Provided material:
====

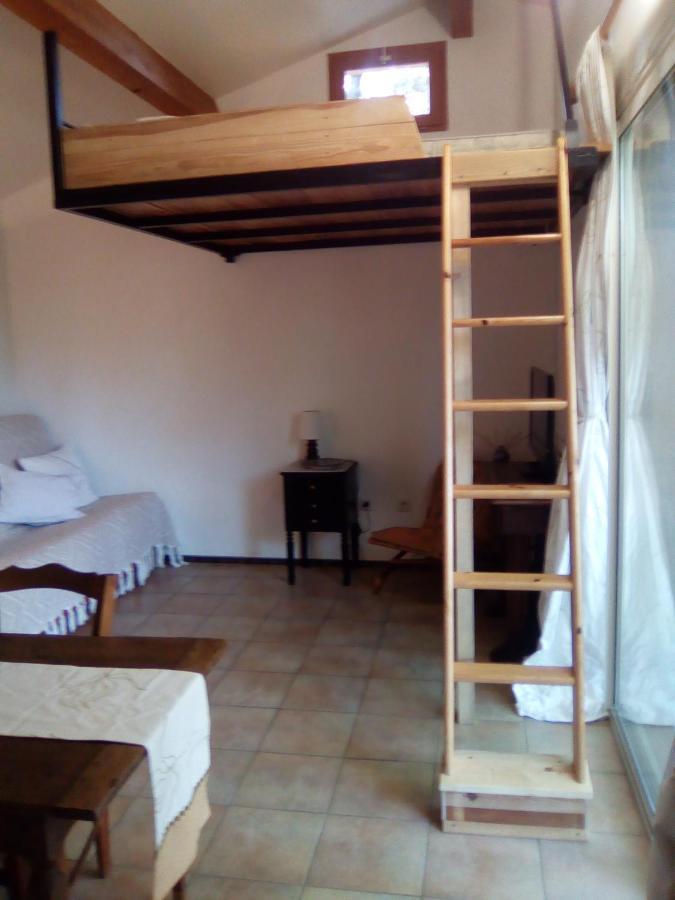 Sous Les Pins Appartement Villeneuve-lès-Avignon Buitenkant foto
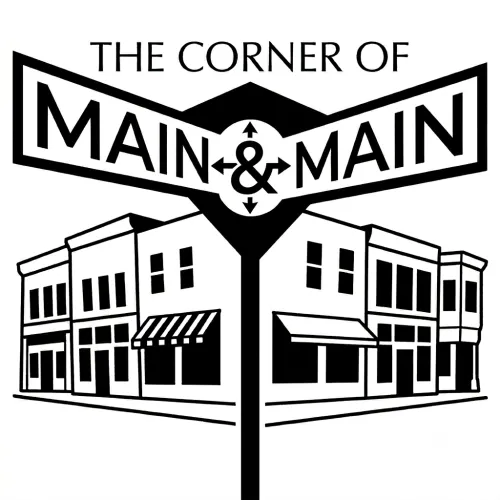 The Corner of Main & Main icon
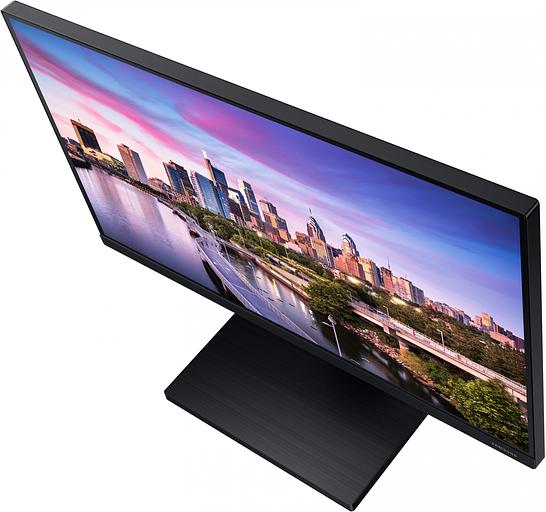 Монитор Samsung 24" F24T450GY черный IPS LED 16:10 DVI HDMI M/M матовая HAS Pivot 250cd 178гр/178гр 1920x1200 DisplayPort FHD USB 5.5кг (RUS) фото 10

====

Reprint the whole listing above exactly, taking out the pictures.

 Sous Les Pins Appartement Villeneuve-lès-Avignon Buitenkant foto
 The Corner of Main & Main icon
 Монитор Samsung 24" F24T450GY черный IPS LED 16:10 DVI HDMI M/M матовая HAS Pivot 250cd 178гр/178гр 1920x1200 DisplayPort FHD USB 5.5кг (RUS) фото 10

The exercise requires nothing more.